« Chez Rimbaud, la diction précède d’un adieu la contradiction. Sa découverte, sa date incendiaire, c’est la rapidité. L’empressement de sa parole, son étendue épousent et couvrent une surface que le verbe jusqu’à lui n’avait jamais atteinte ni occupée. En poésie, on n’habite que le lieu que l’on quitte, on ne crée que l’œuvre dont on se détache, on n’obtient la durée qu’en détruisant le temps. Mais tout ce qu’on obtient par rupture, détachement et négation, on ne l’obtient que pour autrui. »
(René Char)
« Quiconque parle de Rimbaud est un usurpateur, puisqu’il se met à sa place, puisque écrire sur Rimbaud c’est vouloir en douce occuper le trône de la littérature en personne… »

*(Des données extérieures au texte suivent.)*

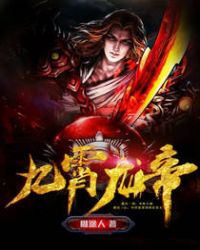九霄龙帝封面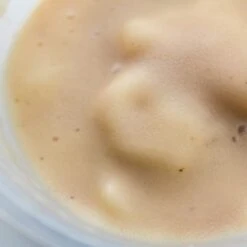 Josh's Frogs Microworm Panagrellus Culture, 16-oz -Plax Penn Shop 925742 PT4. AC SS1800 V1691007128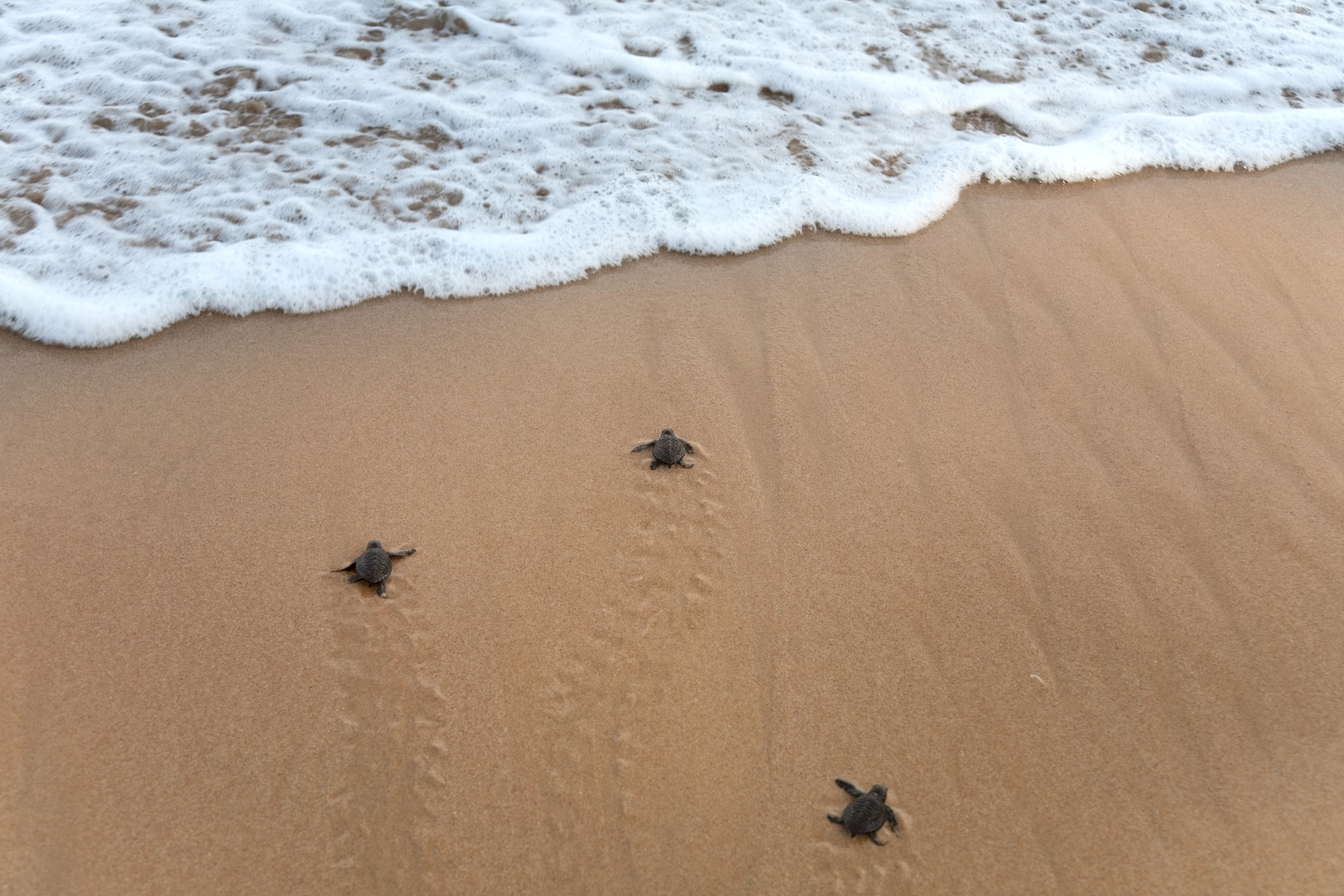 baby loggerhead sea turtles going to the ocean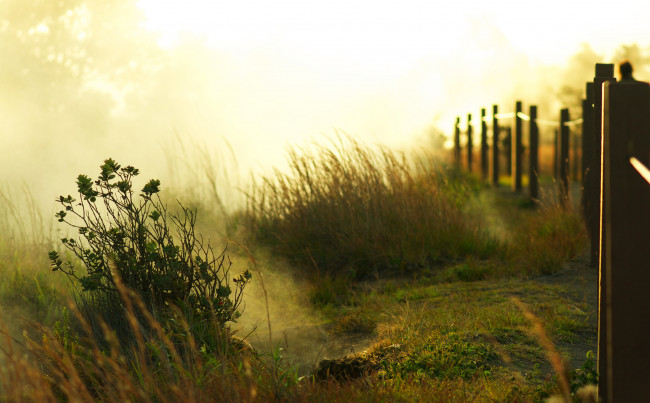 Обои картинки фото природа, другое, забор, трава, зелень, кустики, свет, утро, рассвет, солнце, туман
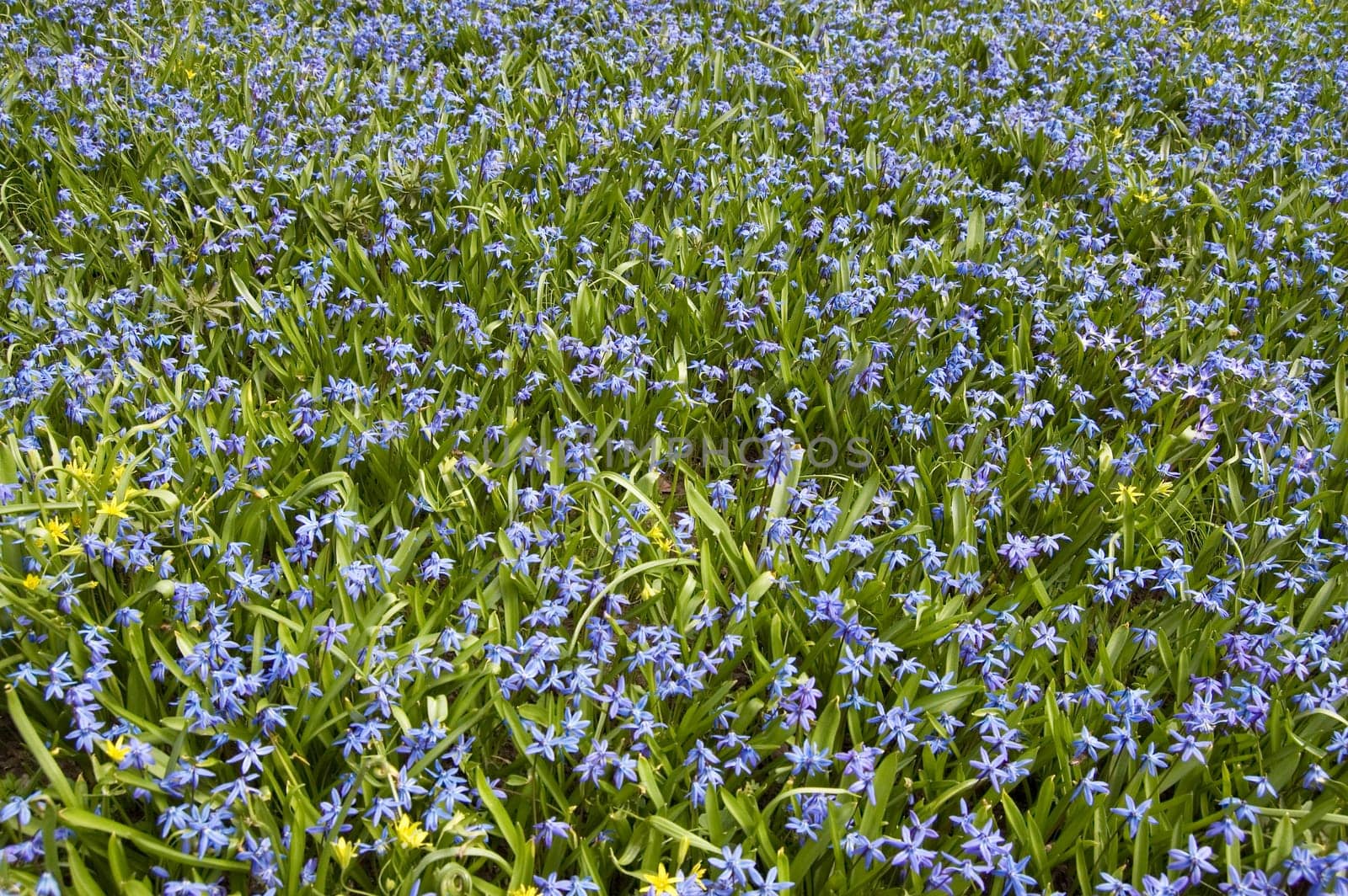 Field of flowers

(Pierre Michon: Le roi vient quand il veut)
« Quiconque », c’est-à-dire nous tous, alors assumons l’ombre portée par l’adolescent absolu sur nos mots comme sur nos vies!
«Tout le monde connaît cet instant précis d’octobre. C’est la vérité peut-être, dans une âme et dans un corps; on ne voit que le corps. Tout le monde connaît le cheveu mal en ordre, l’oeil peut-être bleu blanc qui ne nous regarde pas, clair comme le jour, et porté par-dessus notre épaule gauche, où Rimbaud voit une plante en pot qui monte vers octobre et brûle du carbone, mais pour nous porté, ce regard, vers la vigueur future, la démission future, la Passion future, la «Saison» et Harar, la scie sur la jambe à Marseille; et pour lui sans doute comme pour nous porté aussi vers la poésie, ce spectre conforme qui conformément se vérifie dans le cheveu mal en ordre, l’ovale angélique, le nimbe de bouderie, mais qui hors toute conformité est aussi là-bas derrière l’épaule gauche, et quand on se retourne elle est partie. On ne voit que le corps.»
( Pierre MICHON)
On a envie d’arrêter le temps, se mettre à genoux, murmurer que TOUT dire en si peu de mots, c’est presque indécent – tout en sachant qu’on n’en fera rien, sinon comprendre (« réaliser » serait plus ferme et plus précis), une fois de plus, qu’écrire, c’est ça, et ça seulement – rien d’autre!
Il n’y a d’aveu que sans retour, lui qui est entame, levée dernière, dette que le regard tient à distance et épuise, déferlante dépliant l’heure que plus rien ne divertit, qu’ébranle le malentendu, qu’habite le poids délaissé des preuves.
Poings d’autres temps, appétit qu’aucun ciel n’évide, deuil t’exhortant à rejoindre les milices du pourpre, et leurs aubaines, attrait du tain où l’on ne transperce que de plain-pied et affranchi des cadastres, brièveté qui y apprit le poison, y cisela maléfices et usures, fit croiser ceux qu’on quitte, les indociles, les épars, les amnésiques cernés par ces piétinements, ces roses hybrides, ces routes sans traînes ni brouillards, nuits obstinément calées, traces quémandant du bourreau l’aval et l’héritage…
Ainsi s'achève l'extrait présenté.